As I fidgeted through the movie, looking for the women, I soon realised that their presence, even in the role of support systems to the men, told significant stories in themselves. In one scene, Satpal Kaur, the 61-year-old wife of Tejinder Walia, a former addict with 27 years of alcohol abuse behind him, is flipping through an old photo album of her wedding. And as she does this, she’s reminiscing about how she didn’t know what was in store for her when she got married. She then shrugs and says, “Now, he’s the hero.”
That one scene cuts through the film’s otherwise positive, happy narrative and suddenly shines a light on the abuse and hardships that these women suffered.
“For me, it was an important moment in our experience of making the film,” says Gulati. “Till then, we were looking at the lives of the recovering addicts assuming their families were happier now. It was perhaps a very black and white way of looking at things. We had finished almost 75 percent of the shoot when Satpal aunty said this. Was it anger, resentment, forgiveness or love? Just one moment completely turned the film for us. After that we went back and re-looked at what all the wives had shared with us.”
That one scene suddenly throws in stark relief for the fact that these women could have never been simply spectators to the struggle; in fact, many of these men may never have successfully been rehabilitated if not for the women in their lives.
“Some audiences have felt that she [Satpal Kaur] was perhaps making a comment on us — the filmmakers. As if she was asking, “who is the ‘real’ hero after all?” adds Gulati.
From that moment on, the experiences of the women in the process of recovery begin to be explored. From the 28-year-old partner of GPS, a young man in his early thirties, to 61-year-old Satpal Kaur who openly says she would have left her husband if she had any idea what she would have done alone with her three daughters, the strength and compulsions of the women involved suddenly shines through.

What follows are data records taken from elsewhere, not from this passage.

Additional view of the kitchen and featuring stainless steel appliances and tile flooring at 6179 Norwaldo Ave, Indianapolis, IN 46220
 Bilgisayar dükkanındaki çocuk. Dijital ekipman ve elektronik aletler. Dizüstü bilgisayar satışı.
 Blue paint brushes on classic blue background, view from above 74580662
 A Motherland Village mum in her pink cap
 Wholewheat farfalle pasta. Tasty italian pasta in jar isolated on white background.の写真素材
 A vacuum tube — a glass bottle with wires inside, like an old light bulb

“For a long time, my ideas of feminism did not have the vocabulary to understand women who, for whatever reasons, chose to stay within abusive relationships. I was perhaps a little judgmental as well. This film made me see the spirit of the women who can laugh while sharing stories of struggle. It made me realise that it is because of them that their husbands are alive today and leading better lives. In that way, these are ordinary women with extraordinary courage. For me, more than the recovering addicts, Taala Te Kunjee is about the wives.”